The first exhibitions of the fall semester at the West Virginia University Creative Arts Center’s Mesaros Galleries are works by nationally recognized African-American artists Nyame Brown, a painter and printmaker from South Bend, Ind., and Thaddeus Mosley, a sculptor from Pittsburgh. Both exhibitions will be open through Oct. 6.
Both exhibitions open Sept. 1.
Brown’s exhibition, titled “The John Henry Works,” will be on view in the Laura Mesaros Gallery and is curated by Robert Bridges.
Brown is inspired by African hairstyles and sculpture and creates images that explore the unconscious intertwining of African-American pop culture and the larger African Diaspora.
“The John Henry series by Nyame Brown was influenced by remembrances of his father’s bedtime stories,” Bridges said. “Through the series, the figure of John Henry has evolved in the work, and Brown has updated the figure with aspects of contemporary African American society, comic books and science fiction, bringing the hero that beat the machine into the 21st Century.”
Brown holds a Bachelor of Fine Arts from The School of The Art Institute of Chicago and a Master of Fine Arts in painting and printmaking from Yale University, and taught at the University of Notre Dame, The School of the Art Institute of Chicago, Yale University and Illinois State University. In 2003 he was one of only 10 young contemporary artists nationwide to receive the prestigious Joan Mitchell Painters and Sculptors Grant Award that celebrates painting and sculpture as significant cultural necessities in America.
He also received the Richard Driehaus Foundation Individual Award in 2002, given annually to three Chicago-based visual artists. His works have been exhibited at various locations in New York, including Gallery M, Bill Maynes Gallery, Studio Museum of Harlem; and in Chicago and other parts of the Midwest, including Hyde Park Art Center, Gallery 2, Peter Miller Gallery and The Butcher Shop Gallery.
For more information, see http://www.nyamebrown.com.
Thaddeus Mosley’s sculpture will be on view in the Paul Mesaros Gallery at the Creative Arts Center, and he will present a visiting artist lecture about his work Thursday, Sept. 22, at 5 p.m. in the Bloch Learning and Performance Hall (200A).
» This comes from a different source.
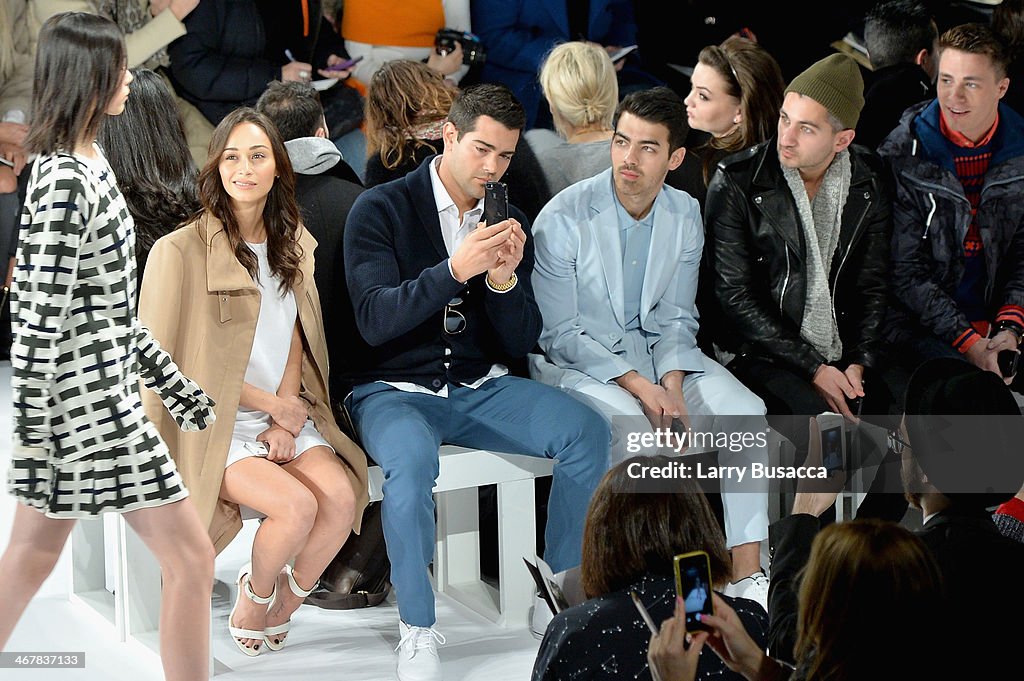 Lacoste - Front Row - Mercedes-Benz Fashion Week Fall 2014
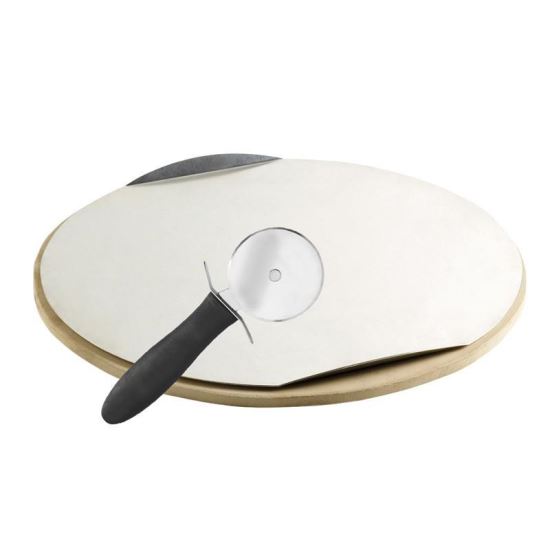 SUPORT PIZZA CUPTOR 38.3CM ROT.AE501 MIRPOL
A reception for both exhibitions will follow at the galleries.
“Mosley is one of Pittsburgh’s top artists and has been for quite a few years,” Bridges said. “His carefully constructed abstract wood sculptures show influences of masters Brancusi and Noguchi, as well as the inspiration he feels from Jazz music. The sculptures all exhibit a balance between the geometric, organic forms and traditional utilitarian work.”
Mosley’s most recognized sculptures include the 14-foot cedar “Phoenix” at the corner of Centre Avenue and Dinwiddie in Pittsburgh’s Hill District and the “Mountaintop” limestone at the Martin Luther King Jr. Library, also in the Hill District, at Herron and Milwaukee Streets.
A native of New Castle, Pa., Mosley is a graduate of the University of Pittsburgh, where he majored in English and journalism. While writing for The Pittsburgh Courier in the 1950s he became interested in carving and sculpture. His works have been exhibited at the Carnegie Museum of Art, the Pittsburgh Center for the Arts, the Three Rivers Arts Festival, the Mattress Factory, Manchester Craftsmen’s Guild and the Cue Art Foundation Gallery in New York City, among other venues.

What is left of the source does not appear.